[Stored data]

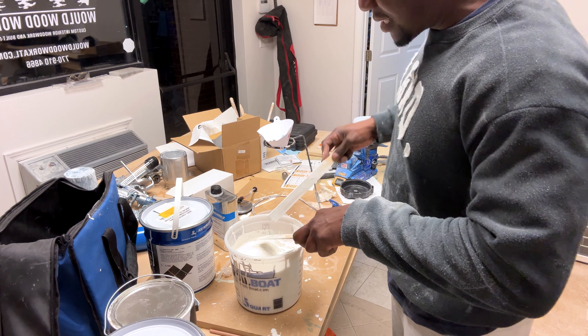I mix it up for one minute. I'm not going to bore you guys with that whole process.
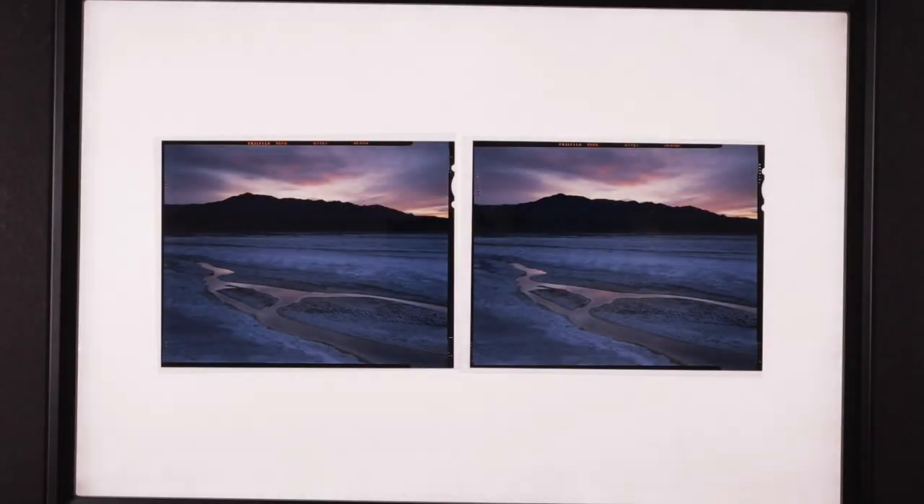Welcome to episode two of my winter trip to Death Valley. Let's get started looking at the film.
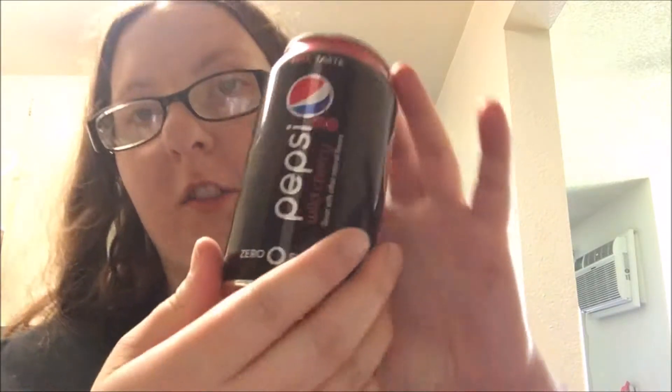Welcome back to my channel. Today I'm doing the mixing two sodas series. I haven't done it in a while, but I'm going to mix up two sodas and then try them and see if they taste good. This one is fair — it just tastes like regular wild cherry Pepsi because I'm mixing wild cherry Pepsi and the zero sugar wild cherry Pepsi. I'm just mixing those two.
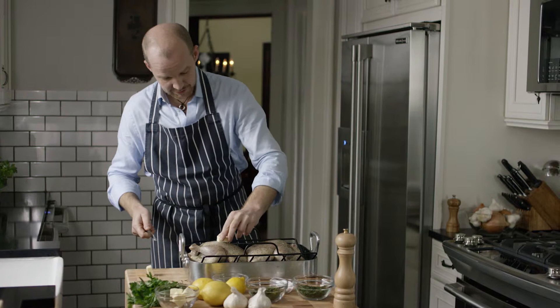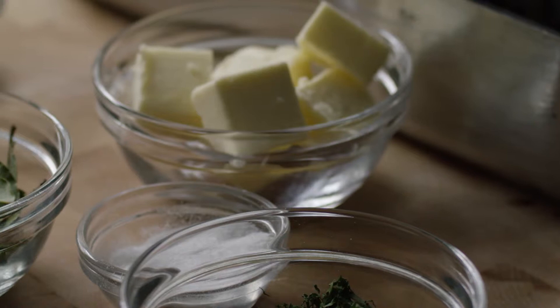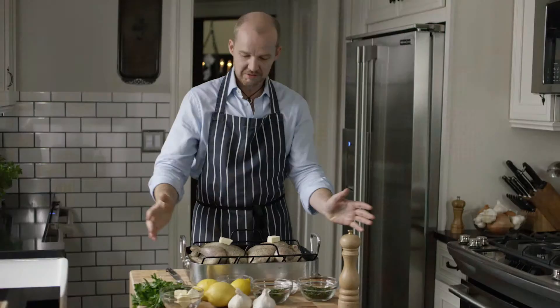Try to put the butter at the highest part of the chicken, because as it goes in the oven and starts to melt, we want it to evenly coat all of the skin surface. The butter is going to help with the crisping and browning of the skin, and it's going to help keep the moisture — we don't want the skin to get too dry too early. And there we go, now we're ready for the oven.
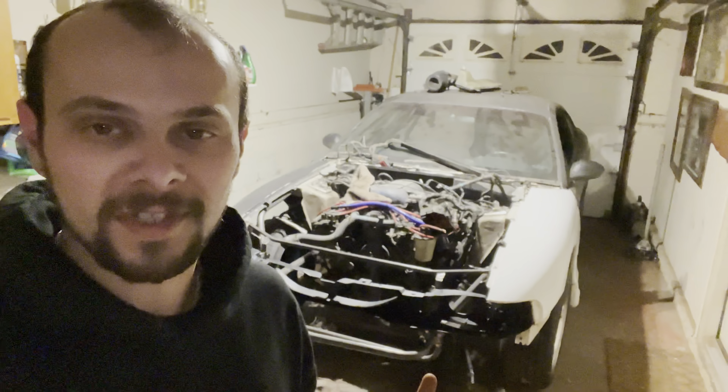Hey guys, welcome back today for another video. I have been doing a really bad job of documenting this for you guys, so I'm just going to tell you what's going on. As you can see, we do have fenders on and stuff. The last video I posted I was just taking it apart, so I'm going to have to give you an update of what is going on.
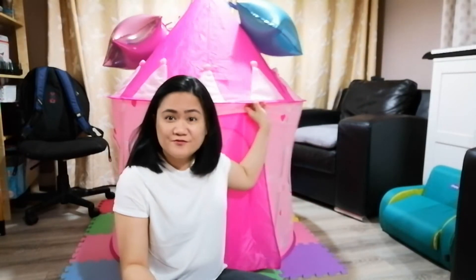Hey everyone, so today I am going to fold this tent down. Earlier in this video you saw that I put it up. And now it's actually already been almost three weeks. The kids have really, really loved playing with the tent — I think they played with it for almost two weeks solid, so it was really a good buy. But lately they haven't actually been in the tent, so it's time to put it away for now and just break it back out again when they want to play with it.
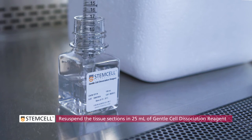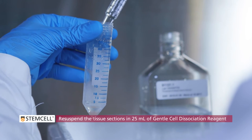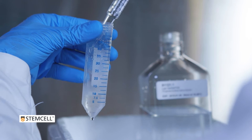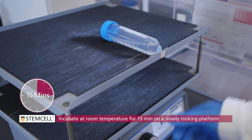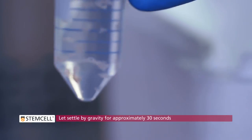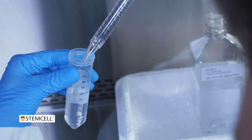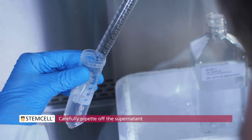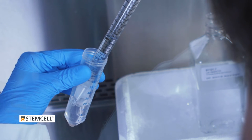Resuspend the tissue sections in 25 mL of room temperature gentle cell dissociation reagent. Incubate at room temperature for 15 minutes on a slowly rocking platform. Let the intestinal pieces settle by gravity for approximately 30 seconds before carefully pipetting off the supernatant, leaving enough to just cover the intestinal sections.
* * *
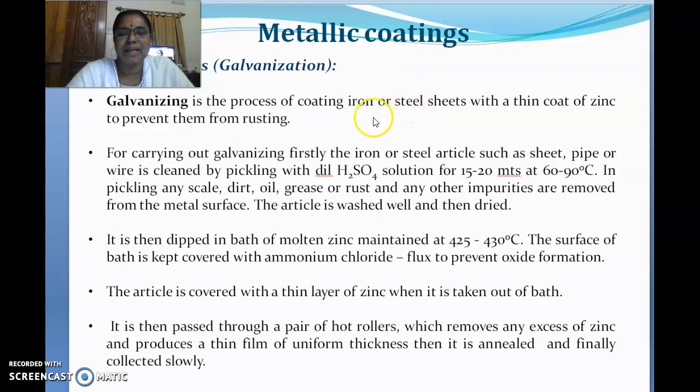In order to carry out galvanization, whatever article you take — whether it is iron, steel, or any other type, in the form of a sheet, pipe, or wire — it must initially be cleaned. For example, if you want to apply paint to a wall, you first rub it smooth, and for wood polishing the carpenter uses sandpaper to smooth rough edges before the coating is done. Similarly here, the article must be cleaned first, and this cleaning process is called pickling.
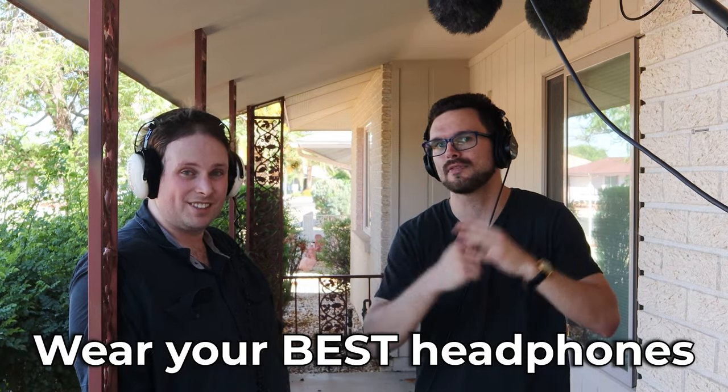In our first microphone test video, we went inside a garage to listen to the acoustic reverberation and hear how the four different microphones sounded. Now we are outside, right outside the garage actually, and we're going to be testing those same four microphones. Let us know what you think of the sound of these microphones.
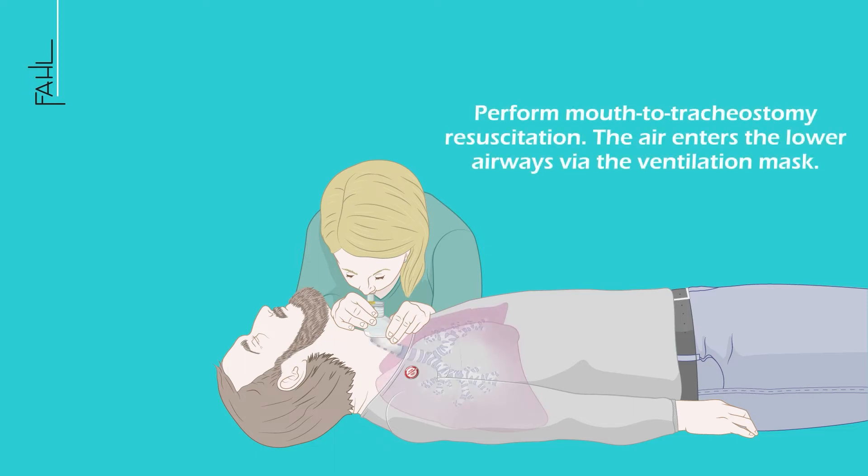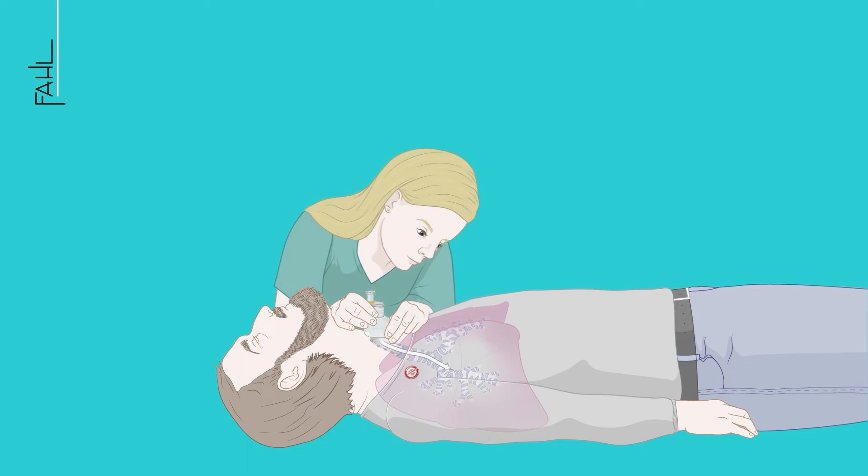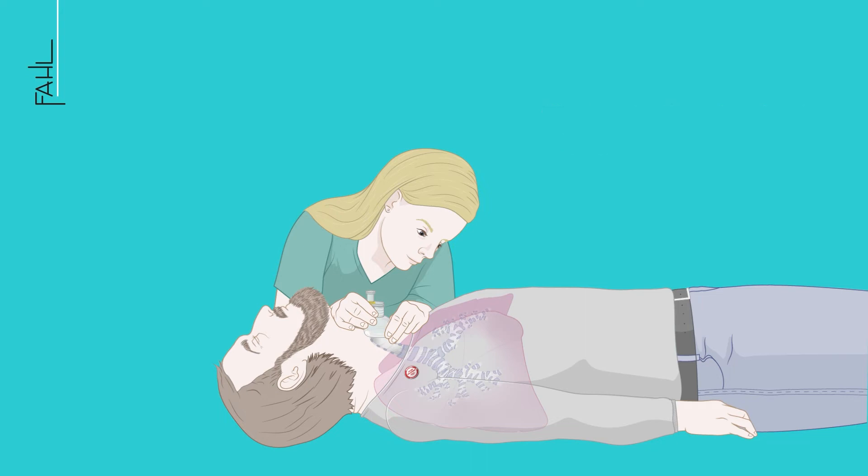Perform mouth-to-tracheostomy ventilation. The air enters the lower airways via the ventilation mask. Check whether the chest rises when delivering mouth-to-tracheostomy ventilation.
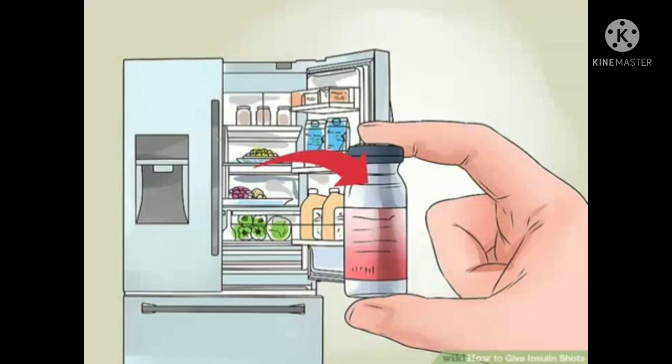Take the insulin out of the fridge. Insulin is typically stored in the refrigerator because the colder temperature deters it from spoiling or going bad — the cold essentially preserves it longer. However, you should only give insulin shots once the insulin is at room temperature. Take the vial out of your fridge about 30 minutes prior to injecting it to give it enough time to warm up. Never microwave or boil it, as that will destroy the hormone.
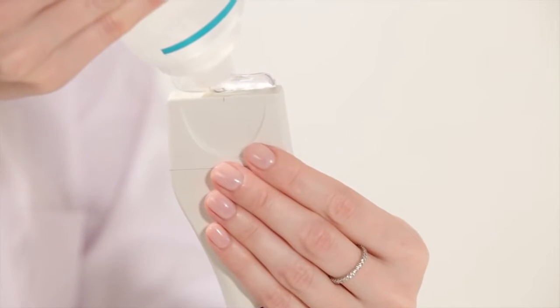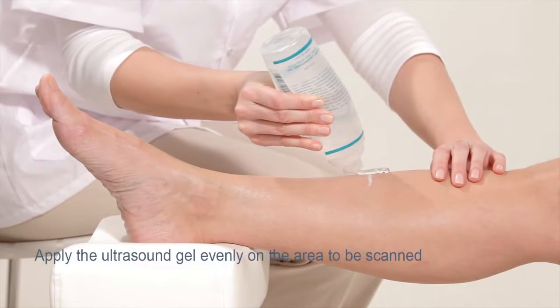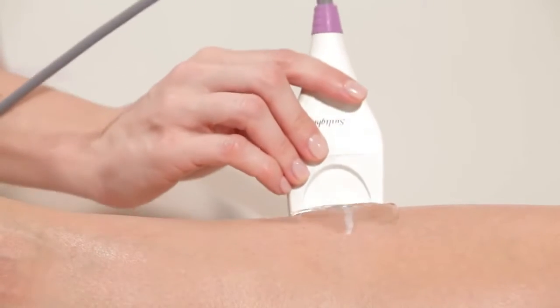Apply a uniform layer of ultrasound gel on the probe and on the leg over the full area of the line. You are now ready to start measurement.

§ **EXERCISE PROMPT**:
Restate the lines above from the one containing "I mix it up" through the one containing "Welcome back to my", inclusive, exactly and without pictures.

§ **EXPECTED OUTPUT**:
I mix it up for one minute. I'm not going to bore you guys with that whole process.
Welcome to episode two of my winter trip to Death Valley. Let's get started looking at the film.
Welcome back to my channel. Today I'm doing the mixing two sodas series. I haven't done it in a while, but I'm going to mix up two sodas and then try them and see if they taste good. This one is fair — it just tastes like regular wild cherry Pepsi because I'm mixing wild cherry Pepsi and the zero sugar wild cherry Pepsi. I'm just mixing those two.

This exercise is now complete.